I am trying to come up with something for my 8 year old, but I want to get in on the action as well. I am looking at a 4lane layout with several straights and a couple of banked turns. Is this too boring or about right? It is a modified Scenic Hills 33 layout from Greg Braun. Thanks.


----------



## LeeRoy98 (Jul 8, 2005)

Personally, I like it a lot. What size table is required?
I think it is perfect for 8 and up!

Gary
AKA LeeRoy98
www.marioncountyraceway.com


----------



## Ragnar (Aug 22, 2006)

It looks like you have a good balance of straights, and turns.


----------



## Crimnick (May 28, 2006)

Kids are happy with an oval or figure 8....I'm sure he'll love it!


----------



## jhutchwi (Nov 26, 2006)

The layout will fit on a 4X8 table.

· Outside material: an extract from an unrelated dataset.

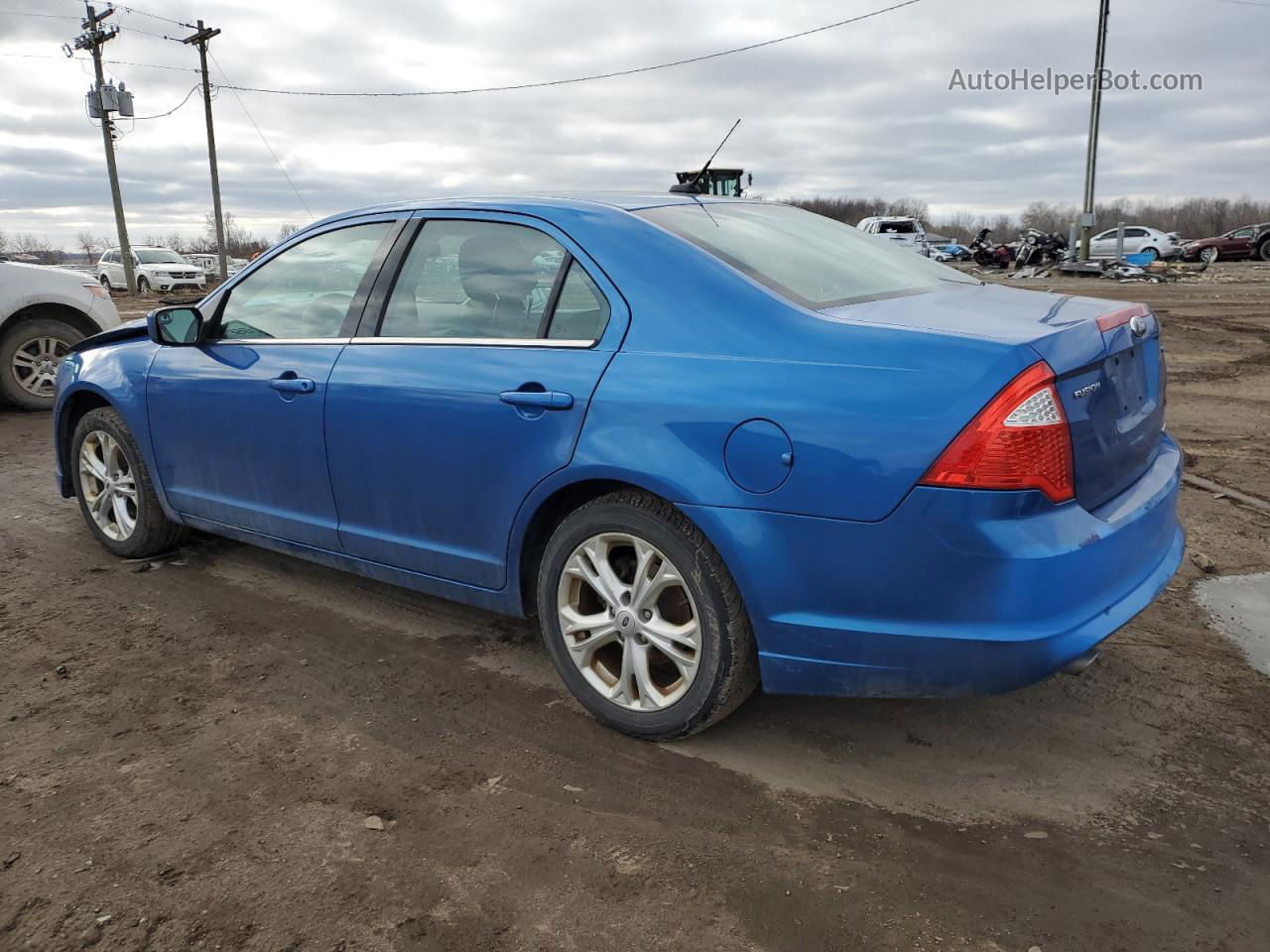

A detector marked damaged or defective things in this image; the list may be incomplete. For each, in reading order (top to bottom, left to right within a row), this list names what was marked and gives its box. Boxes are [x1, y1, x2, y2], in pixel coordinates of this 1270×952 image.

parked damaged car [49, 197, 1178, 741]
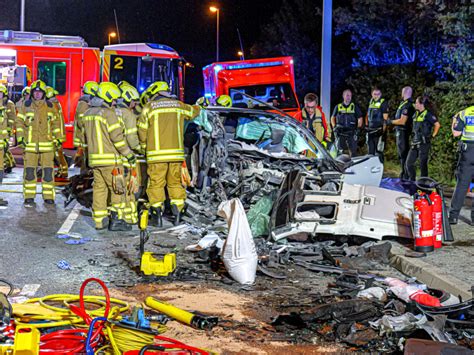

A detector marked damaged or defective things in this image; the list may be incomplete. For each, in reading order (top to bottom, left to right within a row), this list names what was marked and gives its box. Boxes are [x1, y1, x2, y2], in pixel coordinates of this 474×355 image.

wrecked white car [187, 107, 412, 242]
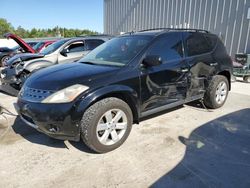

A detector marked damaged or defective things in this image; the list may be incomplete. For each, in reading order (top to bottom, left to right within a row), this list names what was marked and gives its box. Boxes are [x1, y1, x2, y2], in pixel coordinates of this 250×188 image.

The banks should give him the thrill of speed and when he is older I could pull them and go flat for more skill and control.


----------



## Turbo880Kawasak (Feb 9, 2005)

I had a track set up like that one had alot of fun with it 
the only thing i didnt like was when the cars fell off under the overpass
other than that he (you) will like it 








[/IMG] 
My Track Now 
Paul


----------



## roadrner (Jul 21, 1999)

Should be fun for a racer of any age. :thumbsup: rr


----------